Reading a comprehensive JKB Financial, Inc. review of your debt settlement solutions will help clear anything confusing. Working with reliable debt specialists, like the ones from American Debt Solutions, will also help.

Tuesday, June 10, 2014

JKB Financial, Inc. Review on Payday Loans and Reasons to Avoid Them

Major financial institutions have begun to stop offering payday loans, loan products that have been the subject of controversy over the past several years. Wells Fargo and Fifth Third are the latest banks in the U.S. to announce the termination of their payday loan service. Meanwhile, federal regulators continue their crackdown on banks that haven't ended their payday loan program.

Payday loans, according to the Center for Responsible Lending (CRL), often lure people into a cycle of debt. There's at least one JKB Financial, Inc. review that accounts a person's experience with a payday loan. To understand why banks have begun walking away from what they once saw as a lucrative business, it's important to get an idea of how these loans work.

People apply for payday loans when their current paycheck isn't enough to cover their financial obligations. They receive the loan on the condition that they pay it back upon receiving the next paycheck. Here's where the trap is sprung: the high fees associated with payday loans often force borrowers back to their pre-payday loan situations.

In a study conducted by the CRL, the average annual percentage rate (APR) for a payday loan ranges between 225 and 300 percent. However, experts say it's not uncommon to see payday loans with APRs of over 1,000 percent. The formula for computing the APR is a bit complex, but online calculators are at your disposal.

Due to exorbitant APRs, borrowers are often left indebted for months. The CRL provides an estimate of about 175 days, but the length of indebtedness can last longer depending on the APR and the amount borrowed. As such, financial experts have come to recognize payday loans as predatory in nature.

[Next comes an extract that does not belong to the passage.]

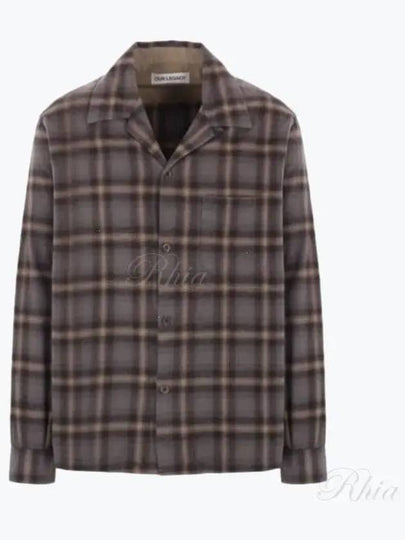 Heusen Check Long Sleeve Shirt Oyster - OUR LEGACY - BALAAN 2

In light of the gradual decline of payday lending, experts offered safer alternatives like building up an emergency fund or using a credit card. Consumers can also increase their income by getting part-time jobs or reducing their financial obligations so they can avoid issues every time the paycheck comes in.

Of course, these are basic strategies. Those who want to try new avenues can approach an expert like American Debt Solutions for a discussion of debt settlement strategies. One can also read a JKB Financial, Inc. Review about payday loans and other debt issues to get a good idea of the viable solutions.